Ramps and how you got to digging them.

Pig Predator

Useles Billy’s Fishel Hog Killer ?
How did you get to digging ramps and have you seen more traffic on the patches you dig?
 

NCHillbilly

Administrator
Staff member
I honestly can't ever remember a time when digging ramps wasn't part of my life. I can remember digging them with my grandpa when I was about knee-high.

There probably aren't 5% of the ramps here now that there were when I was a teenager. Most of the places I used to dig are now either developed as gated communities, cleared for cowpastures, or otherwise built full of houses or posted ten ways from Sunday. The other big thing here is Mexicans digging them by the thousands of bushels every year to sell at farmer's markets and produce stands. It got so bad that the GSMNP ended their long-term policy of letting people dig small amounts for personal consumption. Ramps reproduce so slowly that it takes forever to replenish a patch that has been decimated. I have had a good patch growing on the branchbank in the back yard for a few decades.
 

Pig Predator

Useles Billy’s Fishel Hog Killer ?
A close friend of mine took me out to a patch 6 years ago and told me about an abundance in another state and I found them. His grandfather took him to these places. The trails were faint at the time, almost like following an old game trail. One of those places are off the beaten path probably 2/3 mile and now it looks almost like someone hoed a trail and marked every other tree.

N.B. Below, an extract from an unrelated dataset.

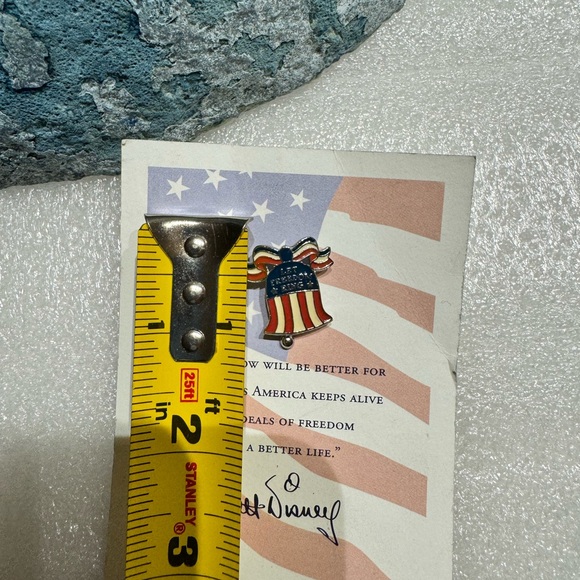 LET FREEDOM RING Exclusive Collector Disney Cast Member Pin to Commemorate 9/11 - Picture 3 of 3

I have a couple decent spots of ramps right off the side of the road right here by the house I've found but dont hit them often in fear of being seen and them getting dug up.
 

Pig Predator

Useles Billy’s Fishel Hog Killer ?
I've never taken anyone or told location on any of them but yeah, nc spot got hit hard. I've skipped out on my buds spots the past couple years since he passed but today i went back and it was mind boggling. Plenty of ramps and it looked like every one has been digging responsibly but there was traffic
 

Hillbilly stalker

Senior Member
My family has always done it. Mountain folks tend to be gatherers. Pick paw paws, mulberry, walnuts, black berry, cherries, Mushrooms, apples, blue berries or whatever mother nature offered. Seemed most of the women folk wore an apron with a big pocket in the front of it. All toted a small paring knife in it. Put the beans on and walk around the hillside and cut some greens. My aunt used to go "spooning" or digging mushrooms all the time, she knew what was what. Ramps or anything else eatable like that were gathered when found.
 

NCHillbilly

Administrator
Staff member
My family has always done it. Mountain folks tend to be gatherers. Pick paw paws, mulberry, walnuts, black berry, cherries, Mushrooms, apples, blue berries or whatever mother nature offered. Seemed most of the women folk wore an apron with a big pocket in the front of it. All toted a small paring knife in it. Put the beans on and walk around the hillside and cut some greens. My aunt used to go "spooning" or digging mushrooms all the time, she knew what was what. Ramps or anything else eatable like that were gathered when found.
Yep. I grew up foraging out of the woods as a way of life. My mom and grandma were both greens gatherers. They started out early in the spring with creasy greens, branch lettuce, poke sallet, stinging nettles, so-chan, crows foot, prickly lettuce, yellow dock, and a hundred others. We picked wild strawberries, wild blueberries and huckleberries, blackberries, dewberries, raspberries, elderberries, and such. In the fall, we gathered black walnuts, hickory nuts, and chinkapins. The only mushrooms my family picked and ate were morels, but I have learned a lot more types in my lifetime and gather them every year. We also always dug sang, black cohosh, mayapple, sassafras root bark, and such to sell. Grandpa paid for a lot of his land gathering and selling chestnut oak tanbark.
 

Railroader

Billy’s Security Guard.
My family has always done it. Mountain folks tend to be gatherers. Pick paw paws, mulberry, walnuts, black berry, cherries, Mushrooms, apples, blue berries or whatever mother nature offered. Seemed most of the women folk wore an apron with a big pocket in the front of it. All toted a small paring knife in it. Put the beans on and walk around the hillside and cut some greens. My aunt used to go "spooning" or digging mushrooms all the time, she knew what was what. Ramps or anything else eatable like that were gathered when found.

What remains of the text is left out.